== INPUT DATA ==
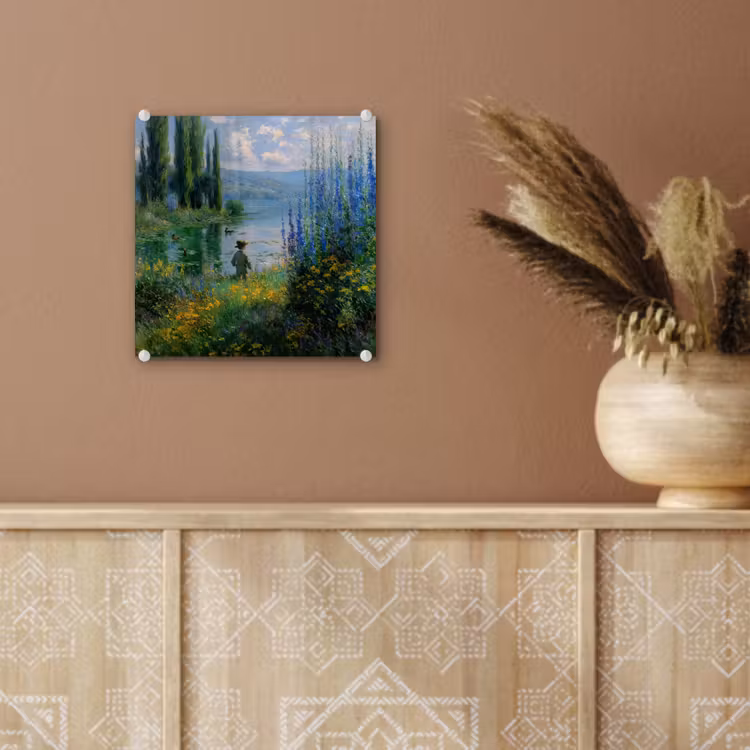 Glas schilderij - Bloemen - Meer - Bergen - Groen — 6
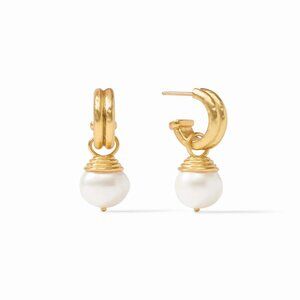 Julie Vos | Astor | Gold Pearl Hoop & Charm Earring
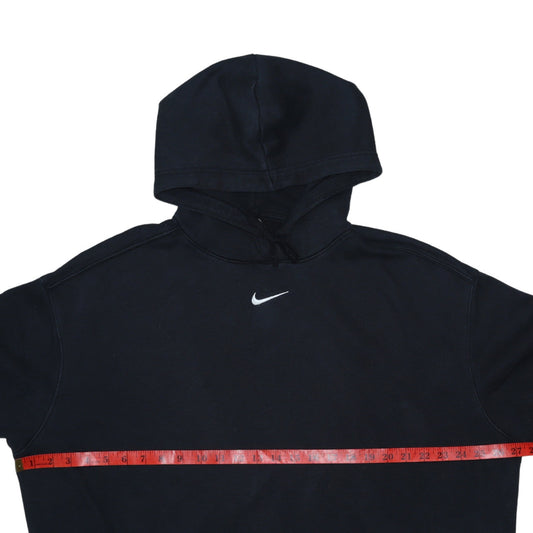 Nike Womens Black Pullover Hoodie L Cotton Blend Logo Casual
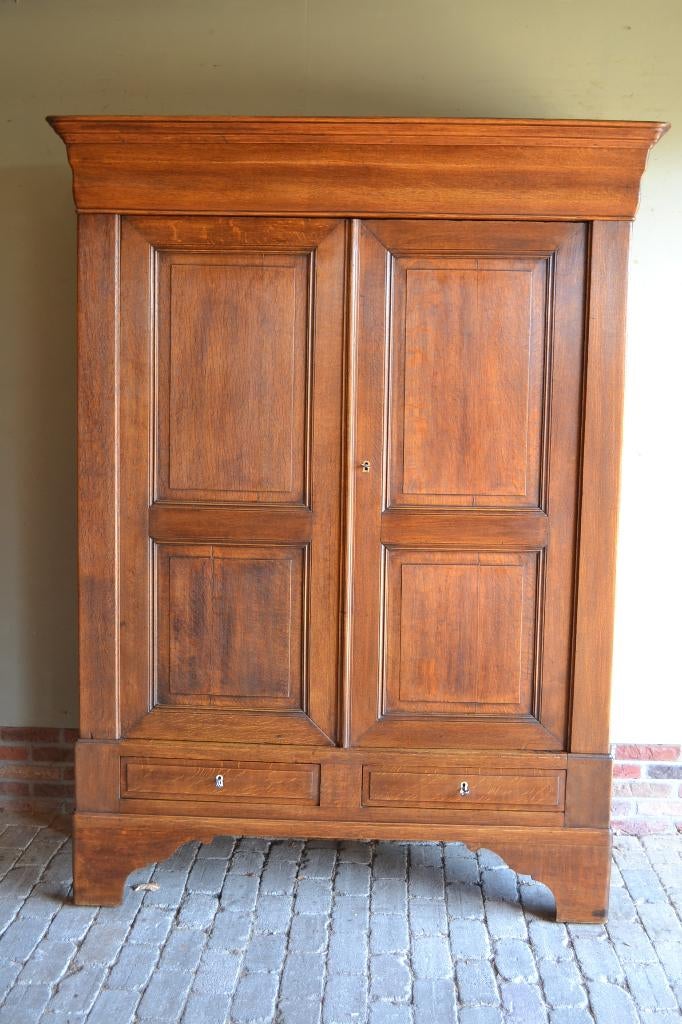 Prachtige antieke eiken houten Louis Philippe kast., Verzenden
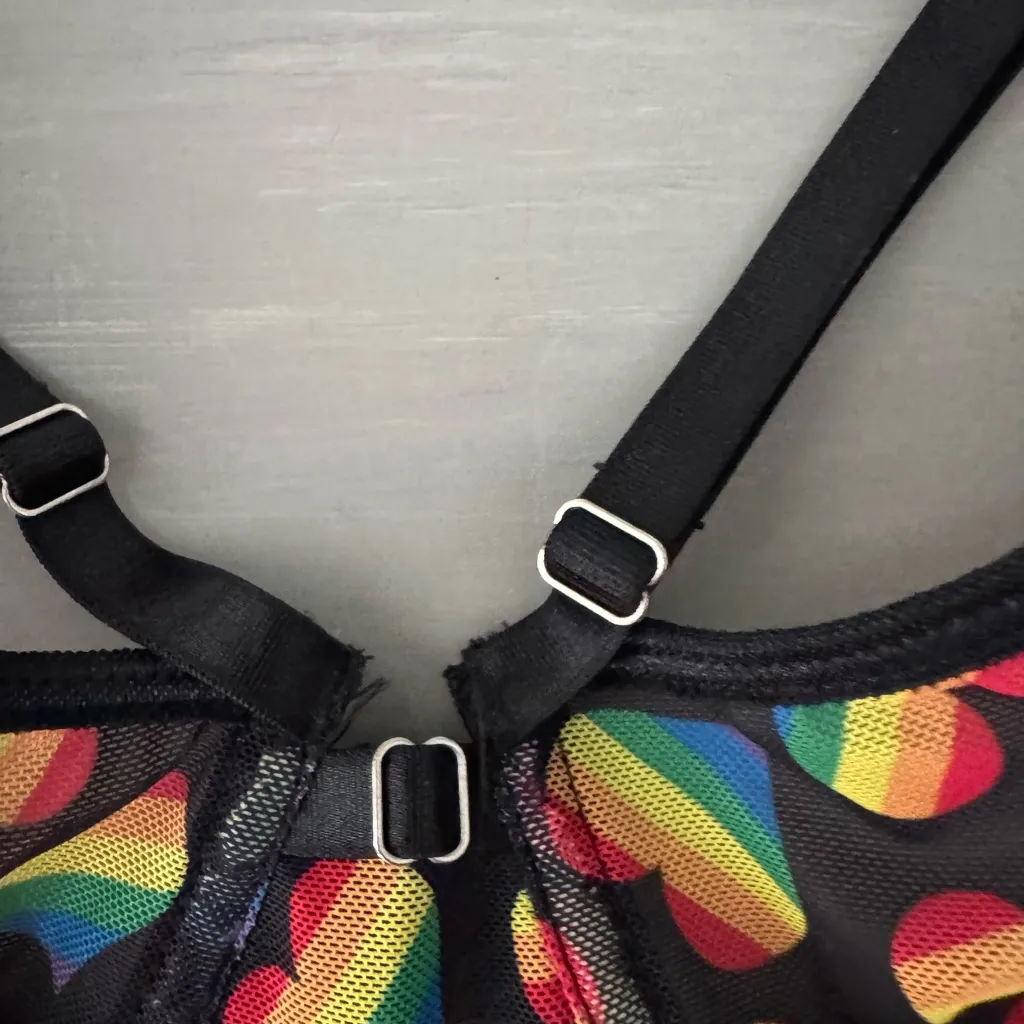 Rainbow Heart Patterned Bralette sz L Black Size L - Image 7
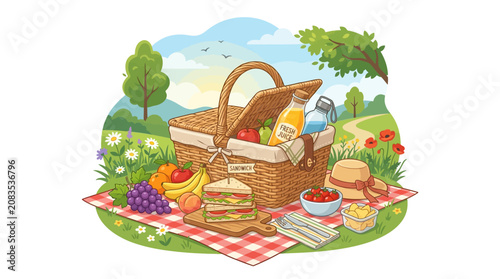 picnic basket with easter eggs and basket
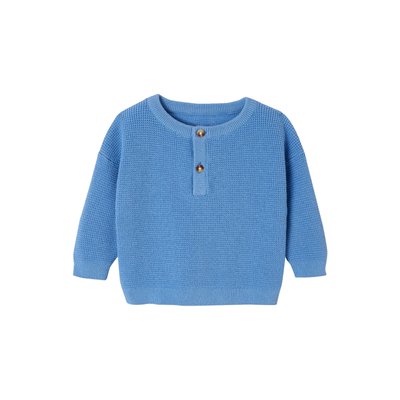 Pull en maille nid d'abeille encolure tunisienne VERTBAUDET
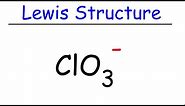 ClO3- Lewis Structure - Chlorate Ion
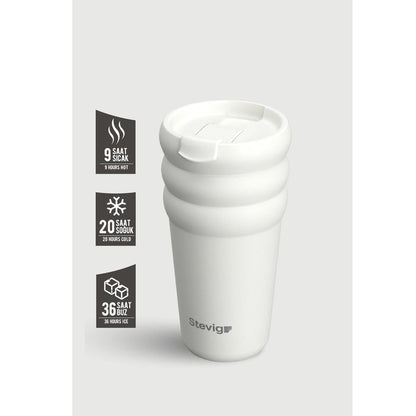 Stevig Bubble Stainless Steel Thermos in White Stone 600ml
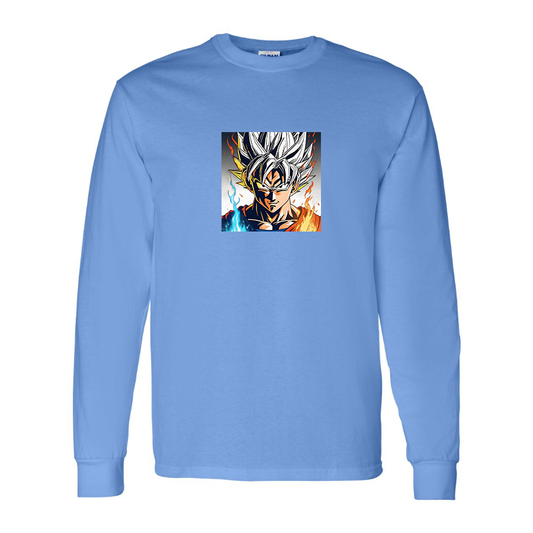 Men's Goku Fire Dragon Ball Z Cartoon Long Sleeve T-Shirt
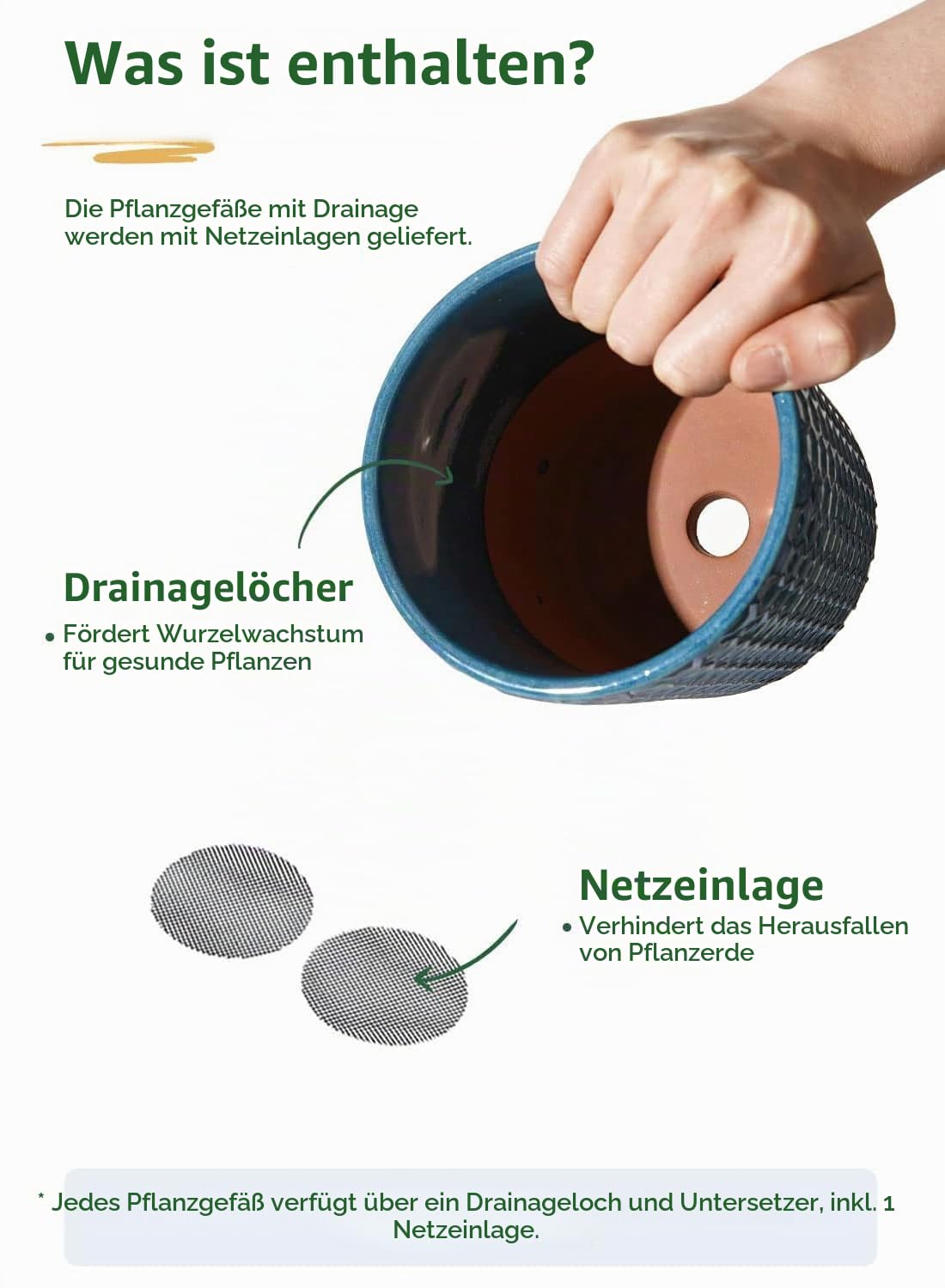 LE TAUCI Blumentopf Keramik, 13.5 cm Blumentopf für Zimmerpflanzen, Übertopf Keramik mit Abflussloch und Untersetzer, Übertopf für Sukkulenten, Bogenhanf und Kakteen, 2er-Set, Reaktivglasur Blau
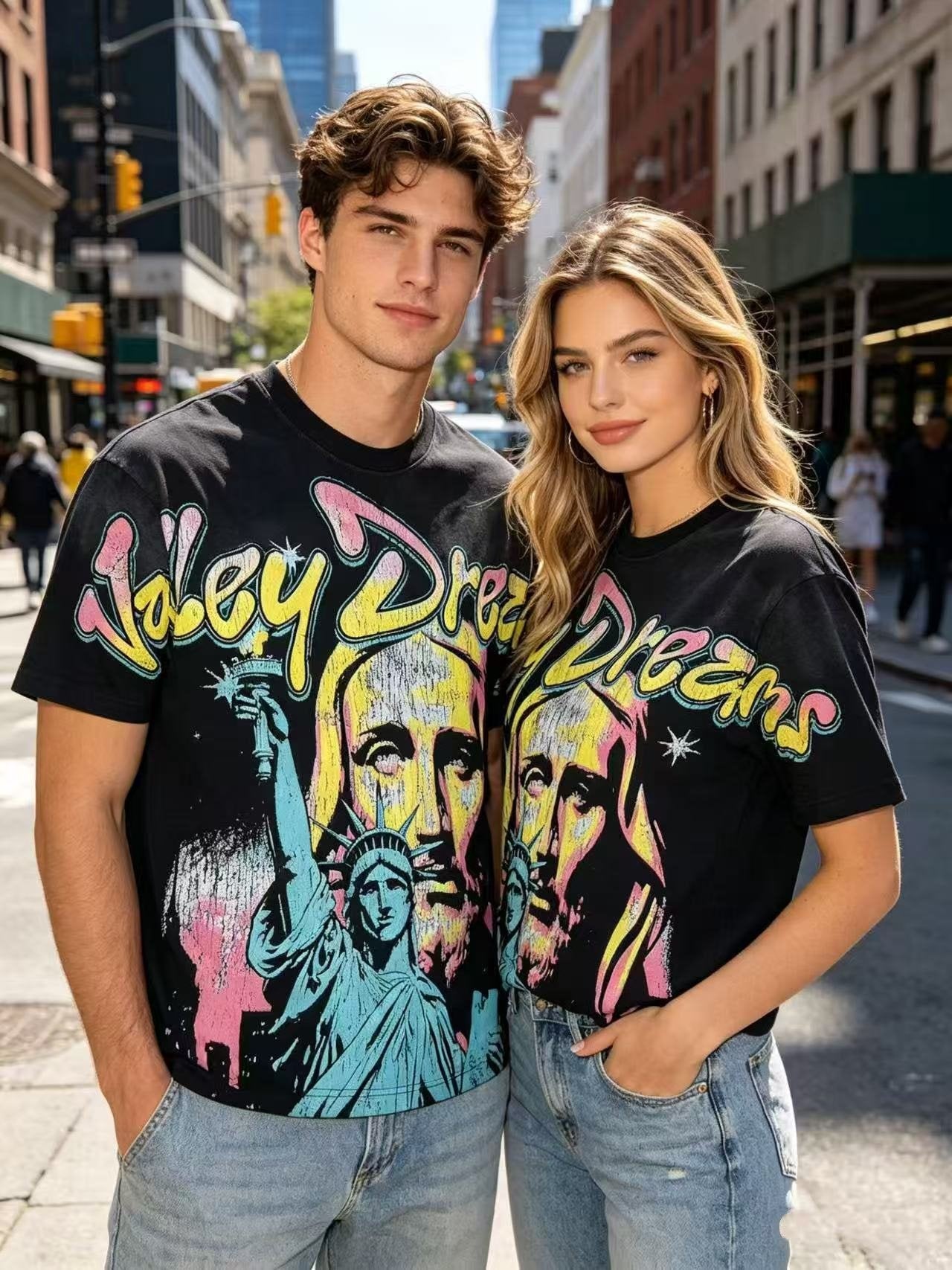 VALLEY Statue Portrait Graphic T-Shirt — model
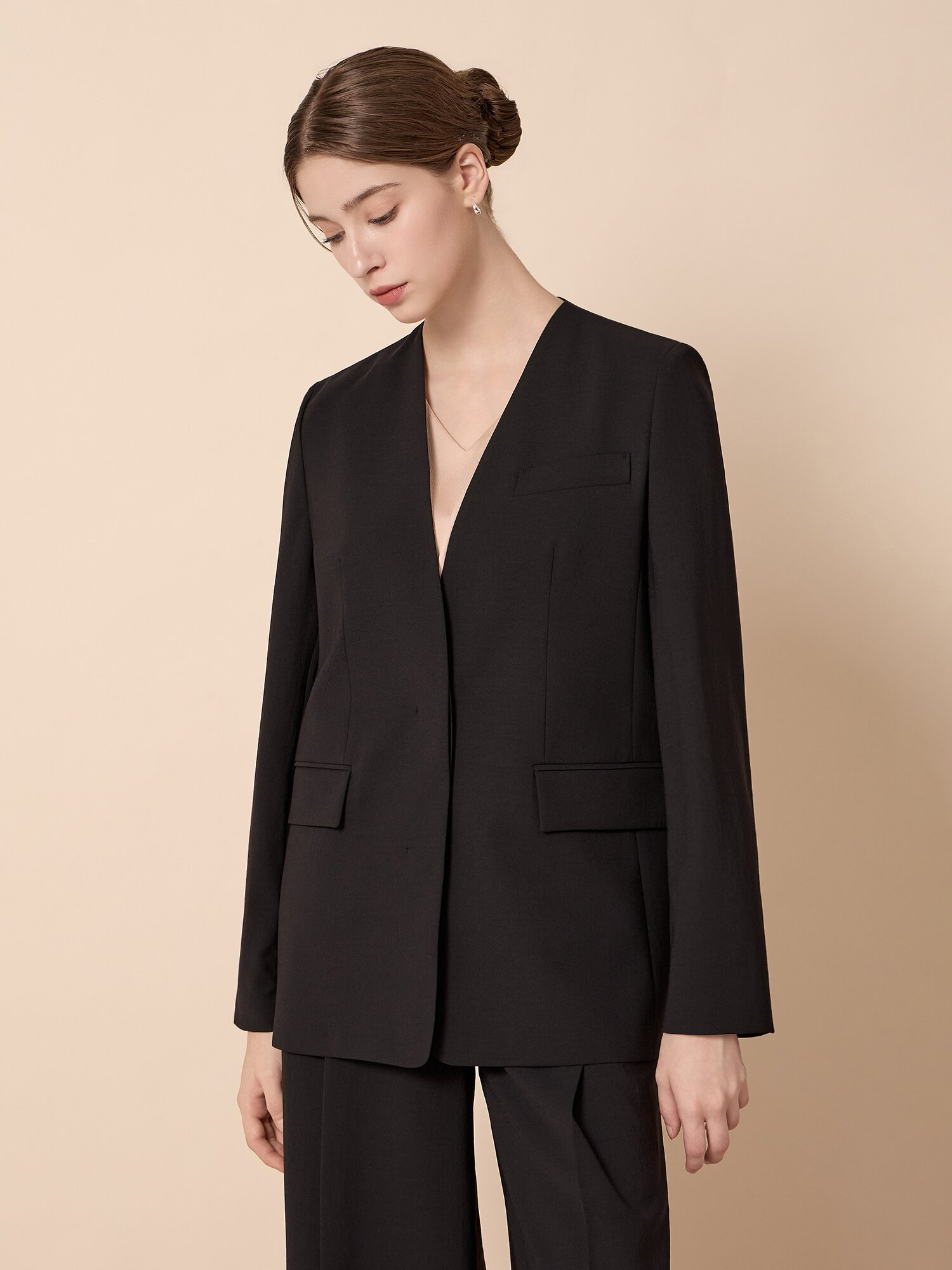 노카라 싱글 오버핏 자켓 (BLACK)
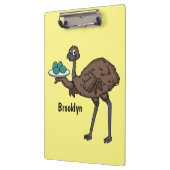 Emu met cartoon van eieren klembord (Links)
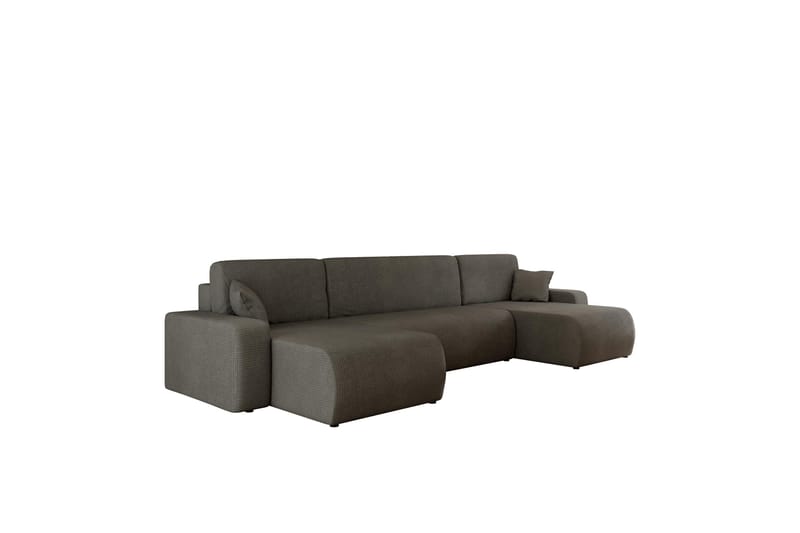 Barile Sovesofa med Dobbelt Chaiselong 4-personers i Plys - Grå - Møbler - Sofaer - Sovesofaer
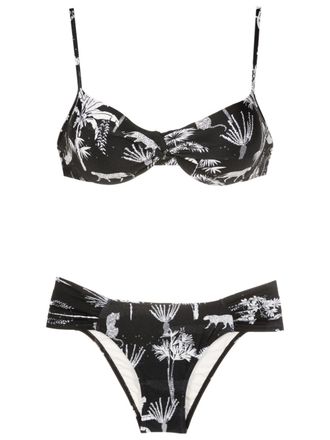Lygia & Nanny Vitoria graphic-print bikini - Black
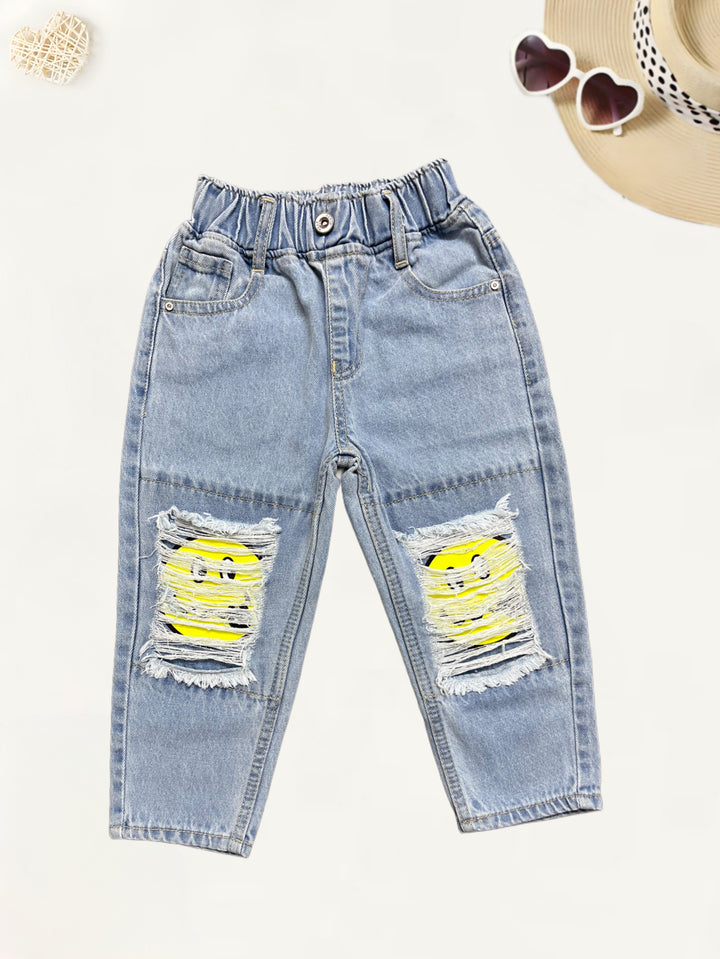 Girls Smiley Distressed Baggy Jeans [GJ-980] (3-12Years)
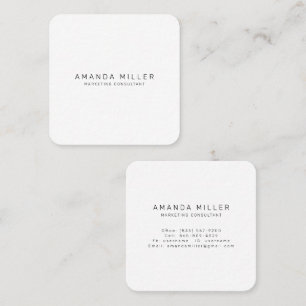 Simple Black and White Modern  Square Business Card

== EXERCISE ==
Repeat the material verbatim. Do not carry over any picture.

== TASK ANSWER ==
 Glas schilderij - Bloemen - Meer - Bergen - Groen — 6
 Julie Vos | Astor | Gold Pearl Hoop & Charm Earring
 Nike Womens Black Pullover Hoodie L Cotton Blend Logo Casual
 Prachtige antieke eiken houten Louis Philippe kast., Verzenden
 Rainbow Heart Patterned Bralette sz L Black Size L - Image 7
 picnic basket with easter eggs and basket
 Pull en maille nid d'abeille encolure tunisienne VERTBAUDET
 ClO3- Lewis Structure - Chlorate Ion
 Stevig Bubble Stainless Steel Thermos in White Stone 600ml
 Men's Goku Fire Dragon Ball Z Cartoon Long Sleeve T-Shirt
 LE TAUCI Blumentopf Keramik, 13.5 cm Blumentopf für Zimmerpflanzen, Übertopf Keramik mit Abflussloch und Untersetzer, Übertopf für Sukkulenten, Bogenhanf und Kakteen, 2er-Set, Reaktivglasur Blau
 VALLEY Statue Portrait Graphic T-Shirt — model
 노카라 싱글 오버핏 자켓 (BLACK)
 Emu met cartoon van eieren klembord (Links)
 Barile Sovesofa med Dobbelt Chaiselong 4-personers i Plys - Grå - Møbler - Sofaer - Sovesofaer
Lygia & Nanny Vitoria graphic-print bikini - Black
 Girls Smiley Distressed Baggy Jeans [GJ-980] (3-12Years)
 Simple Black and White Modern  Square Business Card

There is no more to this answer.